Scraped caption text data:
============================================================
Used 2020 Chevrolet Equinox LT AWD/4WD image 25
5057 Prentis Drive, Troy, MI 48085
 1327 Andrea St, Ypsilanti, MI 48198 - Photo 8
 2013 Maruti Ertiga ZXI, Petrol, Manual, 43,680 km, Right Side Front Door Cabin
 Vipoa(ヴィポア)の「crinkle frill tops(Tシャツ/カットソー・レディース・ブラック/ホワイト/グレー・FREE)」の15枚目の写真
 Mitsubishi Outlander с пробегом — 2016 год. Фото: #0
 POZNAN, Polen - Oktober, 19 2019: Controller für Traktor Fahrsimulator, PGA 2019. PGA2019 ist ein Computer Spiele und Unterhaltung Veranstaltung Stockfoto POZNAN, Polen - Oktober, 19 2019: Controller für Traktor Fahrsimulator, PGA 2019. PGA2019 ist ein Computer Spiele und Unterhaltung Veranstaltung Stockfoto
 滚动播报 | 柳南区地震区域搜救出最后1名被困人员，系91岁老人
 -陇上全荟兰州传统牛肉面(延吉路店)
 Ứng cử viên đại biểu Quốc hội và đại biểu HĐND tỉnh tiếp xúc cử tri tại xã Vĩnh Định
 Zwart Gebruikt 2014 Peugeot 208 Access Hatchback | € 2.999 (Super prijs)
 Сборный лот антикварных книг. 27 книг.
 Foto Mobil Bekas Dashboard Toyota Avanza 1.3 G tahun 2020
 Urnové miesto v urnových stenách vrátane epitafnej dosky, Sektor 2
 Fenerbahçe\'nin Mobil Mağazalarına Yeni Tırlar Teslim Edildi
============================================================
> _YOUR OBJECTIVE_
Nothing should appear in the answer except the lines from the one containing "Stockfoto POZNAN, Polen" to the end of the data above, reproduced exactly.

> _EXERCISE RESPONSE_
 POZNAN, Polen - Oktober, 19 2019: Controller für Traktor Fahrsimulator, PGA 2019. PGA2019 ist ein Computer Spiele und Unterhaltung Veranstaltung Stockfoto POZNAN, Polen - Oktober, 19 2019: Controller für Traktor Fahrsimulator, PGA 2019. PGA2019 ist ein Computer Spiele und Unterhaltung Veranstaltung Stockfoto
 滚动播报 | 柳南区地震区域搜救出最后1名被困人员，系91岁老人
 -陇上全荟兰州传统牛肉面(延吉路店)
 Ứng cử viên đại biểu Quốc hội và đại biểu HĐND tỉnh tiếp xúc cử tri tại xã Vĩnh Định
 Zwart Gebruikt 2014 Peugeot 208 Access Hatchback | € 2.999 (Super prijs)
 Сборный лот антикварных книг. 27 книг.
 Foto Mobil Bekas Dashboard Toyota Avanza 1.3 G tahun 2020
 Urnové miesto v urnových stenách vrátane epitafnej dosky, Sektor 2
 Fenerbahçe\'nin Mobil Mağazalarına Yeni Tırlar Teslim Edildi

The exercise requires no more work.